Edito
06H58 - vendredi 22 mai 2020

Vous avez dit gouvernement d’union nationale ? Faites vos jeux ! 1. Le casting. L’édito de Michel Taube

 

Les éditoriaux de Michel Taube, parfois sur la vie politique, parfois sur les enjeux de société, en France ou dans le monde, constituent le regard d’un éditeur indépendant de tout parti et de toute chapelle, solidement arrimé à ses convictions libérales, sociales, humanistes et pluralistes, et plus encore aux valeurs de la République française (liberté, égalité, fraternité… et laïcité) et de l’Union européenne (unis dans la diversité). Nous sommes convaincu que l’Etat, c’est nous, nous les Français, nous chacun des citoyens. Que les élus et les fonctionnaires sont les serviteurs des citoyens, comme aime à nous le rappeler Ghislaine Alajouanine, pionnière de la télémédecine en France. Que la France, grâce aux Français, a des atouts, une histoire, une culture et des talents qui lui permettent de s’ouvrir sur le monde, d’entrer de plain-pied dans la modernité, de voir loin et grand, notamment grâce à ses outre-mer, sa puissance maritime, aux Français de l’étranger et à la francophonie. Et qu’enfin, en France comme en Europe, les institutions doivent être profondément rénovées. Nos éditos naviguent entre critique, parfois colère, et des propositions et des pistes pour esquisser une vision, un chemin, et tenter de bâtir aujourd’hui le monde d’après. Il n’est pas toujours aisé d’être un bâtisseur, mais il un devoir de tenter de l’être ! Michel Taube

En politique, paraît-il, on définit le projet d’abord et on choisit les femmes et les hommes ensuite. Imaginons que le projet de gouvernement national soit clair : relancer l’économie française frappée de plein fouet par deux mois d’arrêt quasi-total et rénover l’Etat et le système de santé largement dégrossi et affaibli par des décennies de logique administrative et comptable.

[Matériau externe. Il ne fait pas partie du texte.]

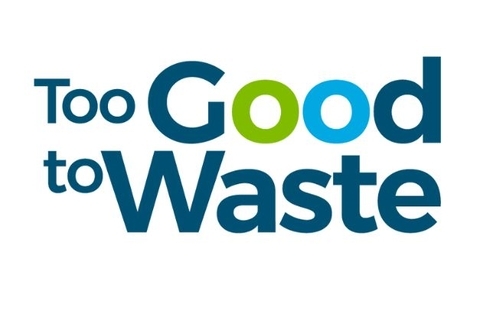 Too Good to Waste initiative white logo - Inter American Development Bank - Water and Sanitation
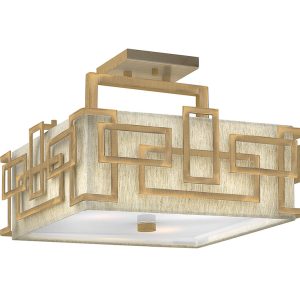 Lanza Semi Flush Brushed Bronze - HK/LANZA/SF BR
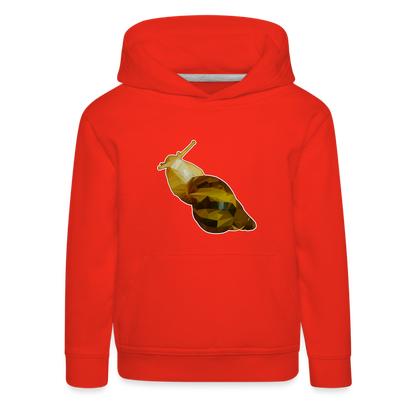 Kinder Hoodie Achatina reticulata Low Poly - red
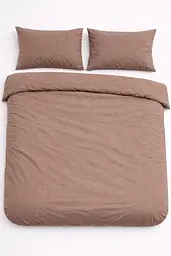 Підковдра на блискавці Ecotton полуторний 150х215 см фланель з бавовни Beige бежевий (25389)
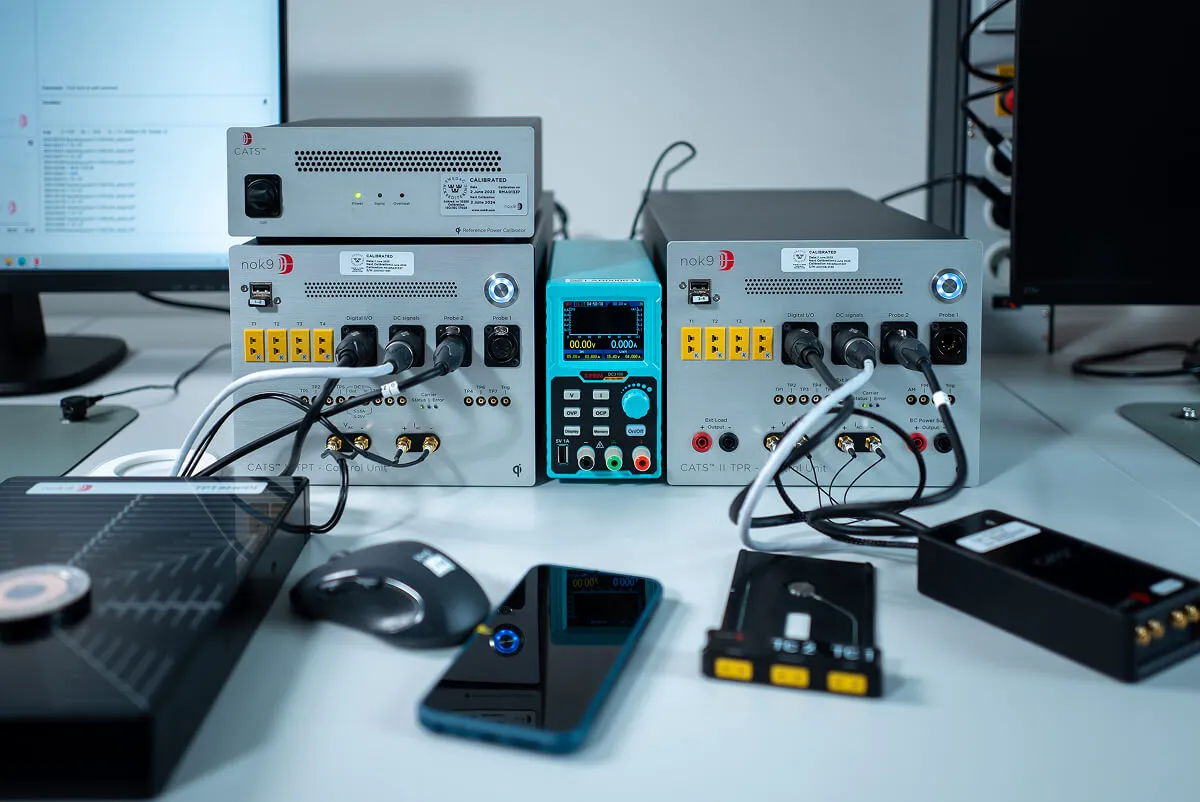 Qi wireless charging test system with nok9 CATS II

Imaginons donc, comme les bruits de palais le laissent entendre avec de plus en plus d’insistance, qu’Emmanuel annonce début juillet la démission d’Edouard Philippe et de son gouvernement et la constitution d’un gouvernement d’union nationale. Le 14 juillet, sur les Champs-Elysées, devant les soignants et nos premiers de cordée, c’est un nouvel exécutif gouvernemental qui entourerait le chef de l’Etat. 77% des Français y seraient favorables : nous aurions enfin la concorde retrouvée sur la place de la Concorde ! Le rêve !

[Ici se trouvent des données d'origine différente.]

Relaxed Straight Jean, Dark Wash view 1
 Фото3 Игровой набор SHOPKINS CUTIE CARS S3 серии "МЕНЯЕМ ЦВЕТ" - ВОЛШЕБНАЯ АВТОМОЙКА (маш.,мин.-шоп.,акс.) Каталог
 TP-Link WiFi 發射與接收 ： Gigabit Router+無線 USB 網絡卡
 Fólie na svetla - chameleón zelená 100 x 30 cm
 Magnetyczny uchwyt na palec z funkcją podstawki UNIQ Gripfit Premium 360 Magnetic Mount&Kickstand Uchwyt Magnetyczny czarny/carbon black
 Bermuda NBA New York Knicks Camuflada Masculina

Oui, mais avec qui ? Qui pour composer ce gouvernement de salut public ou ce Conseil national de la résistance bis ? Faites vos jeux !

Relancer une politique industrielle pour la France ? Un Jean-Pierre Chevènement ou un Arnaud Montebourg (quoi que son expérience des abeilles pourrait l’orienter vers le ministère de l’agriculture…) semblent tout indiqués. La (re)création d’un grand ministère de l’industrie, séparé de celui de l’écologie qui, lui, confié à un écologiste un tantinet libéral (une Corinne Lepage ? Un Yannick Jadot ?), pourrait faire surprise.

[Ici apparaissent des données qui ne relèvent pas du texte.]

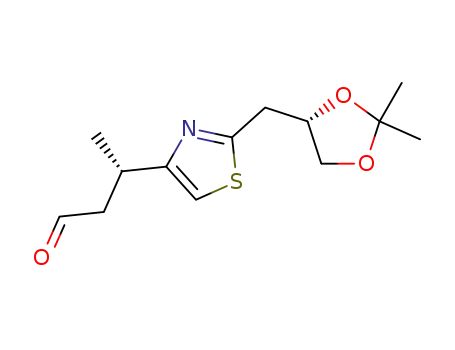 (S)-3-[2-((S)-2,2-Dimethyl-[1,3]dioxolan-4-ylmethyl)-thiazol-4-yl]-butyraldehyde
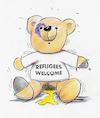 Cartoon: Teddy 2020 (small) by kugel2020 tagged griechenland,flüchtlinge,migration,brd,deutschland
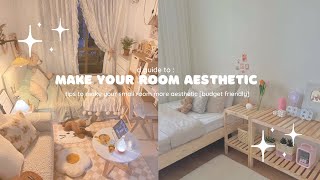 10 ways to make your room more aesthetic than EVER ✨✨| queen of aesthetic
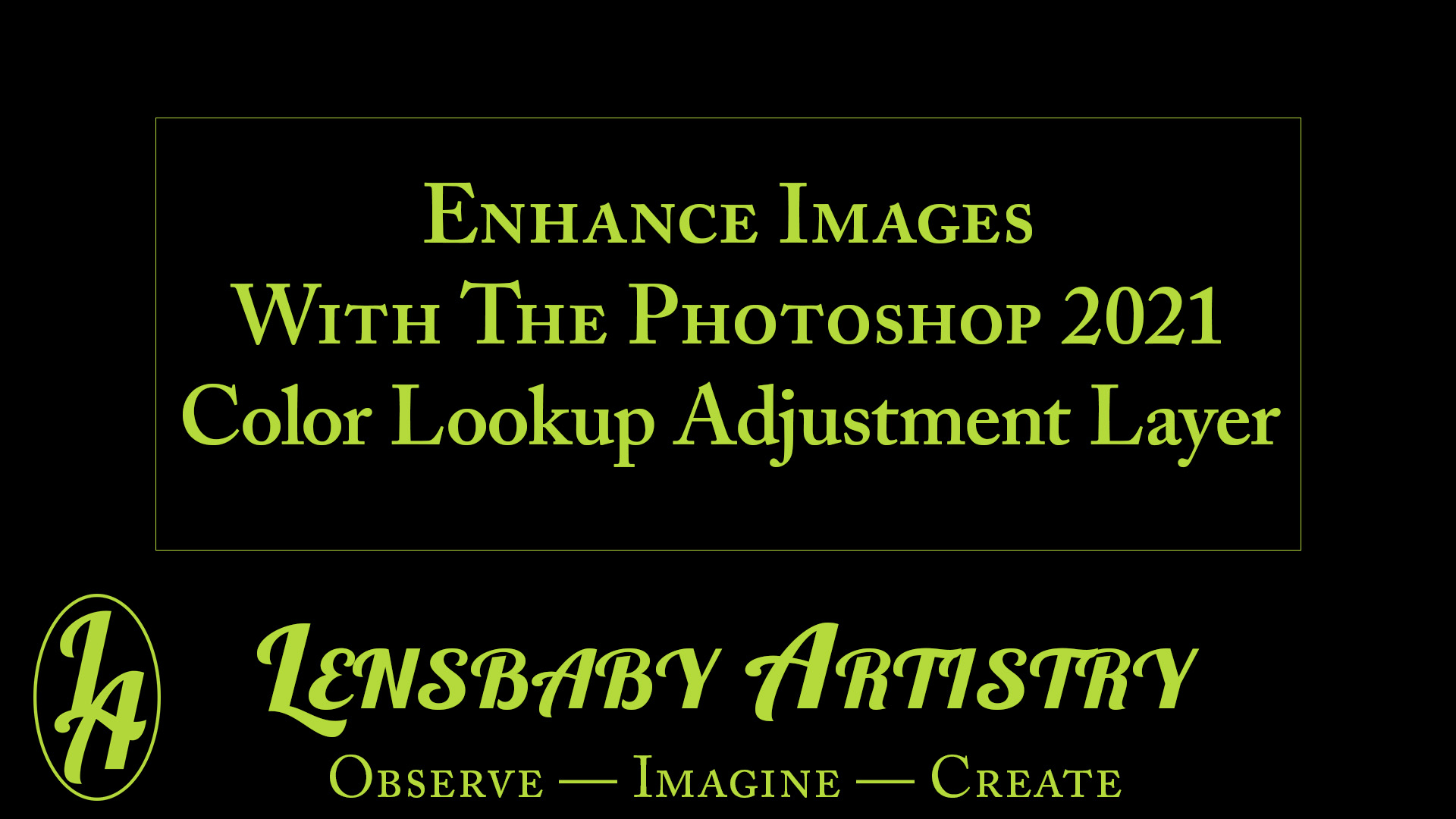 Color Lookup Adjustment Layer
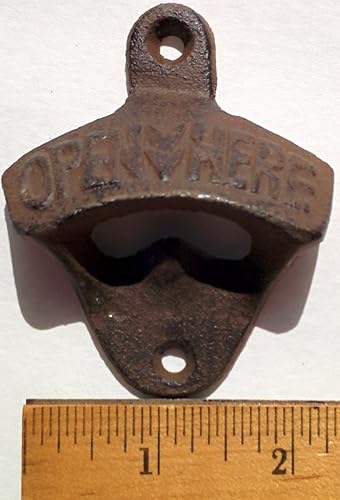 Miniatura 3 de Lote de 200 abridores de botellas Abrebotellas de hierro fundido rústico Montaje en pared estilo vintage abrebotellas de cerveza para la cueva del
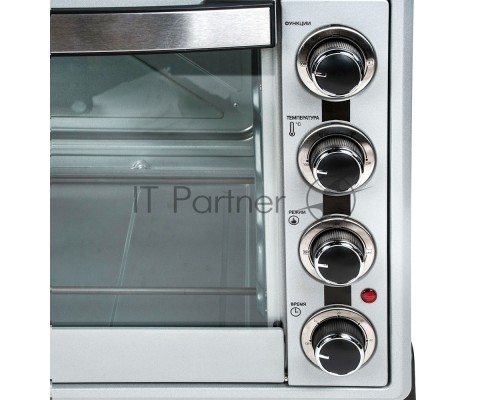 Мини-печь Endever Danko 4065 серебристый цвет, мощность 2200Вт, объем 65 л.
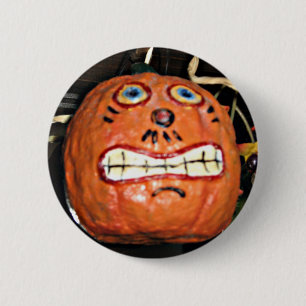 Grinning Pumpkin Button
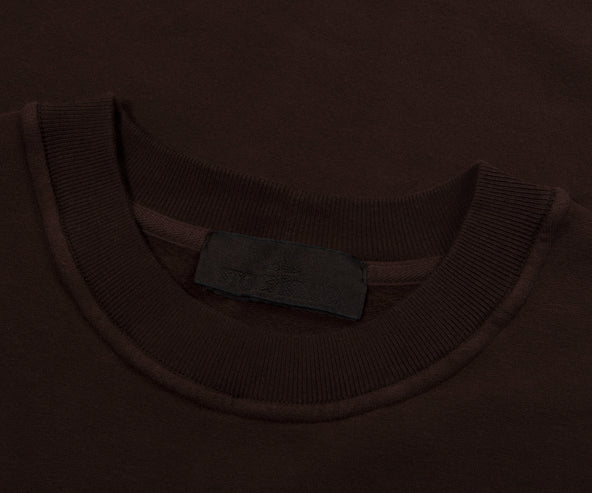 Stone Island Ghost Brown Soft Cotton Sweater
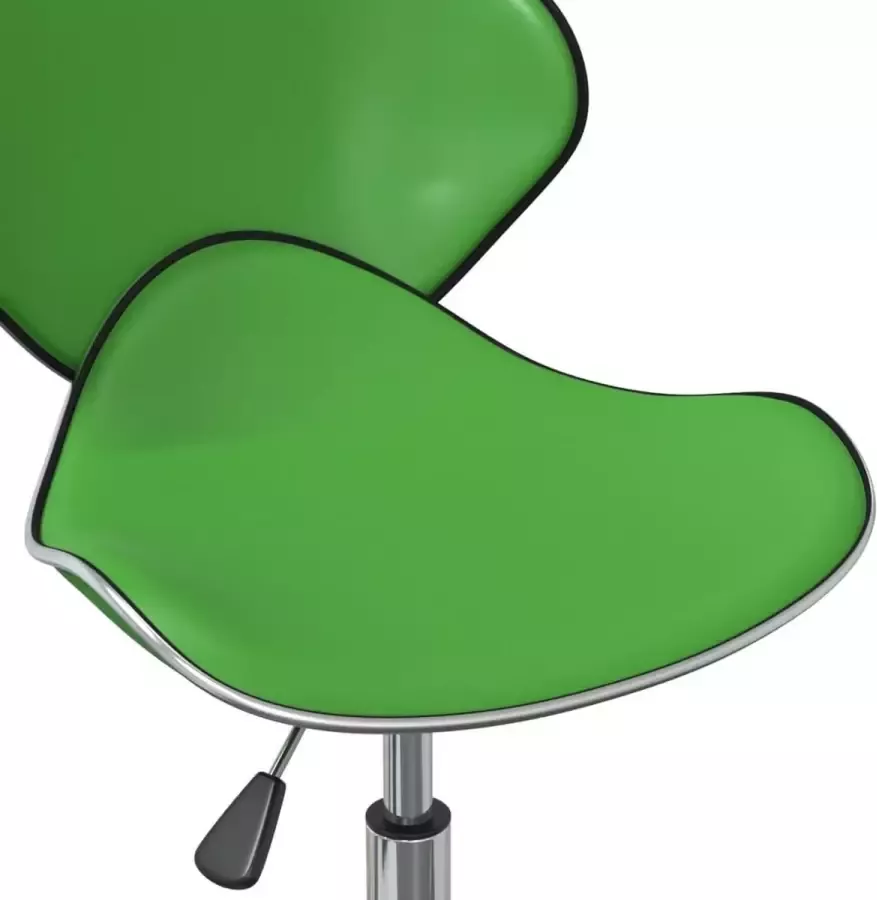 VidaXL Eetkamerstoelen Draaibaar 4 St Kunstleer Groen - Foto 1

Une nouvelle étape de décentralisation des pouvoirs et de réforme de l’Etat et des administrations ? Une présidente de région comme Valérie Pécresse, libérée de LR, serait une belle prise de guerre à droite.

Les affaires sociales, face à la colère française que l’on annonce de retour (on l’a vu hier devant l’hôpital Robert Debré où se mêlaient gilets jaunes et collectif Inter-Urgences) nécessiteraient un grand diplomate. Nicole Notat ? Déjà mobilisée dans l’élaboration du Ségur de la Santé pour une énième grande réforme de l’hôpital, elle pourrait hériter d’un ministère en remerciement de cet engagement et d’une belle carrière entre la CFDT et le bien commun. La grande dépendance (et l’annonce de la création d’une cinquième risque, salué à juste titre par Laurent Berger dans Les Echos), mériterait la création d’un grand ministère et la nomination d’une ou un jeune pour saluer la solidarité inter-générationnelle.

Certains ministres actuels pourraient s’y retrouver : Oliver Véran a bien défendu les choix du pouvoir au cœur de la crise sanitaire et les Français ont découvert en lui un nouveau gendre idéal. Bruno Le Maire et Gérald Darmanin assureraient la poursuite de la promesse de droite inscrite dans le en-même temps macronien.

A la justice, aux abonnés absents du service public ces deux derniers mois, un grand avocat permettrait de redonner des couleurs à la fonction judiciaire. Bon, on ne va pas flatter ni décevoir leurs egos… Elles et ils s’y retrouveront.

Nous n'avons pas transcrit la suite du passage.